In sum, rubrics make clear what counts and what defines excellent work so that students can succeed and learn in alignment with course expectations; they define the performance instead of judging. Rubrics, just like assessments, are best when designed to connect to learning.

What are some common misperceptions about rubrics?

“Rubrics with criteria that are about the task—with descriptions of performance that amount to checklists for directions—assess compliance and not learning. Rubrics with counts instead of quality descriptions assess the existence of something and not its quality,” according to Brookhart (2013).

Confusing learning outcomes with tasks can result in using rubrics as a checklist, which are often binary (e.g., “yes/no”) in nature. But rubrics that are more descriptive and reflect higher-order thinking provide students with action items, uphold assessment with integrity, and improve learning outcomes.
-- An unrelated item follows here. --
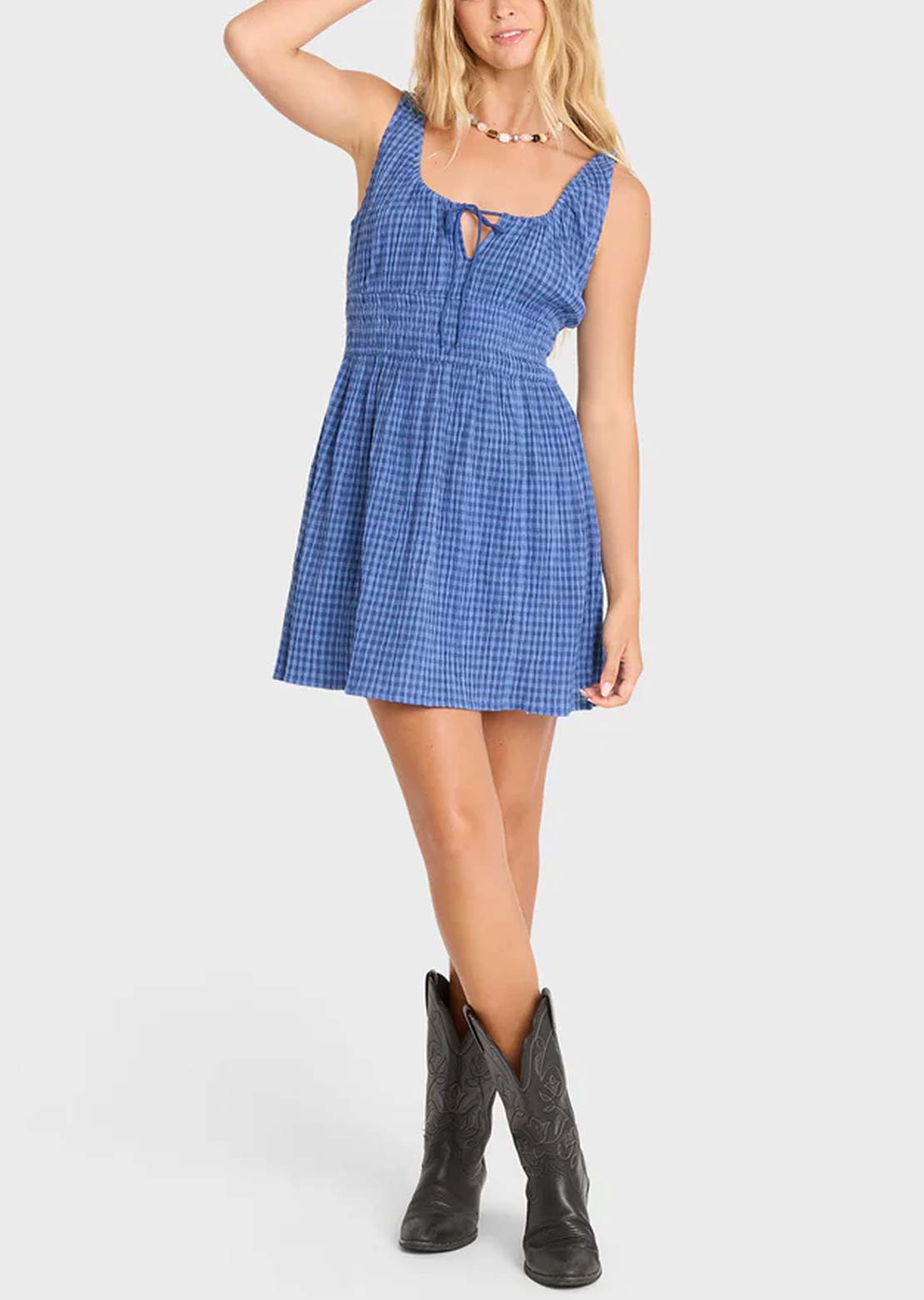 Billabong Women's Twilight Dreamer Mini Dress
Rubrics that do not align to learning goals can also limit learning. Ensure that rubrics focus on core learning goals and are in alignment with course expectations. For example, if formatting margins on an essay is not a course objective but is included in rubrics, the efficacy of that rubric may be compromised. Students may confuse what it is they should do with what it is they should learn; when this occurs, once the students complete a task, they may feel their learning has ended instead of seeing learning as a continuum. 
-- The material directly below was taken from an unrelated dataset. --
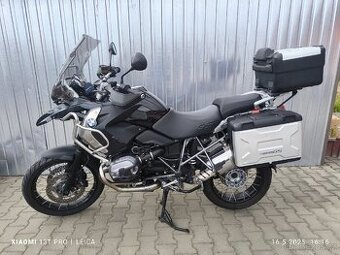 BMW R 1200 GS Triple Black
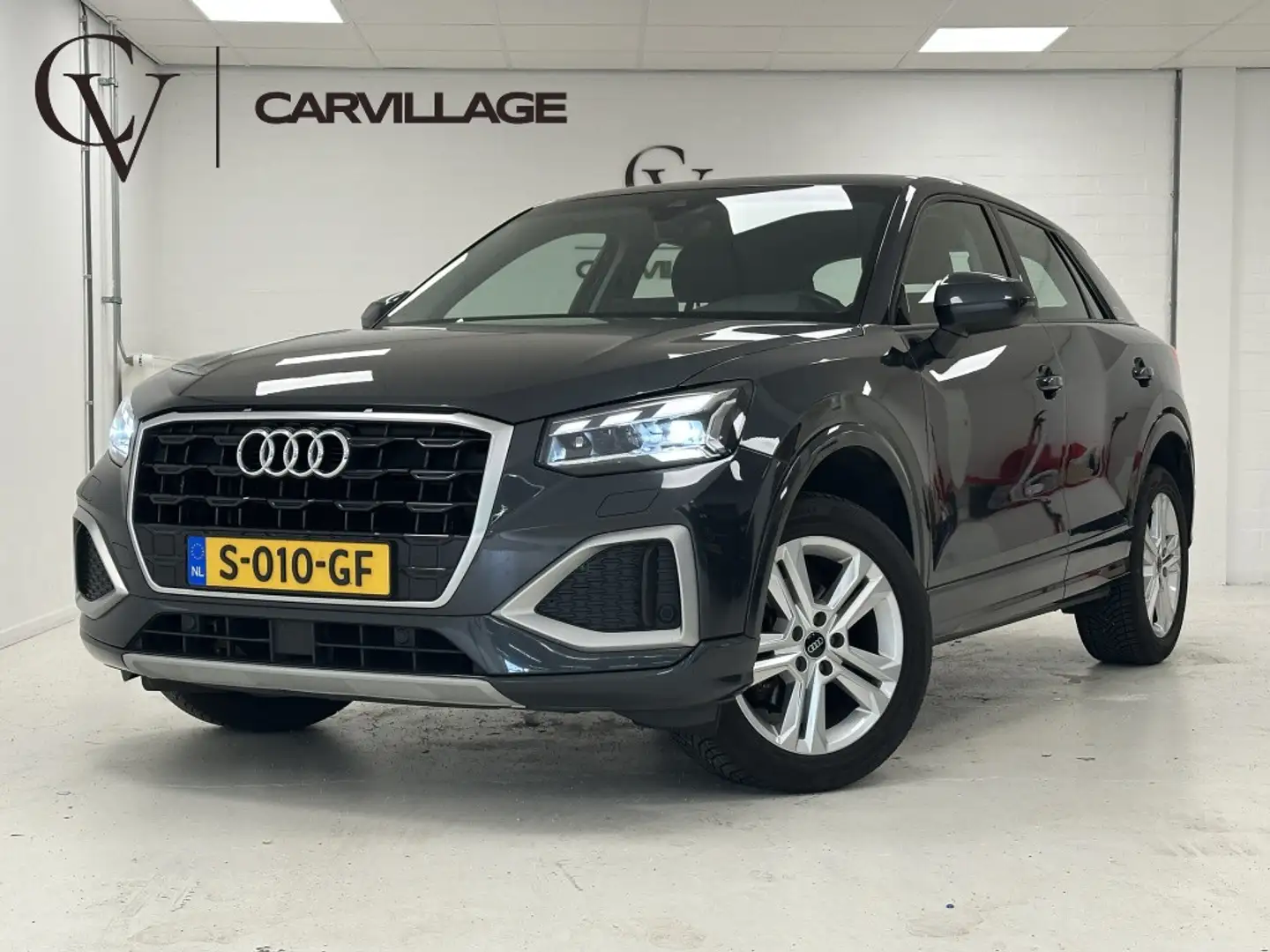 Audi Q2 35 TFSI Advanced | Adaptief Cruise Control | Led k Gris - 1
Other misperceptions include confusing rubrics with evaluative rating scales. Rating scales are useful for grading, and involve evaluations across a scale without description (e.g., 1-5, always/sometimes/never or A-F). While rating scales are useful for grading, they don’t offer students a description of quality that they can utilize as they navigate learning.

How do rubrics affect student learning?

The formative feedback process, a core element of student-teacher communication, begins with setting expectations. Rubrics are “one way to make learning expectations explicit for learners” (Brookhart, 2018). These clear and explicit expectations help students see what learning looks like so that they can then absorb feedback in alignment with those learning goals.
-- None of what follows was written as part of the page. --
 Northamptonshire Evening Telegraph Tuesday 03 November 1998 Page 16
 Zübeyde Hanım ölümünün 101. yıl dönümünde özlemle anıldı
Jay McTighe specifies that effective rubrics do the following: 

  • Clearly define criteria for judging student performance based on targeted    standards/outcomes
  • Promote more consistent evaluation of student performance
  • Help clarify instructional goals and serve as teaching targets
  • Provide specific feedback to learners and teachers
  • Help students focus on the important dimensions of a product or performance
  • Enable criterion-based evaluation and standards-based grading
  • Support student self- and peer-assessment (McTighe, 2016)

Rubrics give students a greater chance of achieving a clear and defined target. They guide curriculum planning and uphold accurate assessments with integrity. Effective rubrics enable self-assessment and self-directed student learning. 

Additionally, rubrics have the potential to advance the learning of historically marginalized students. According to Wolf and Stevens, “An often unrecognized benefit of rubrics is that they can make learning expectations or assumptions about the tasks themselves more explicit (Andrade & Ying, 2005). In academic environments [sic] we often operate on unstated cultural assumptions about the expectations for student performance and behavior and presume that all students share those same understandings” (2007, p. 13). In other words, rubrics make explicit what may be too nuanced for first generation students or English learners to access. 

Rubrics are, in essence, not only part of assessment but also a teaching and learning junction with the potential to increase student learning outcomes and uphold assessment with integrity.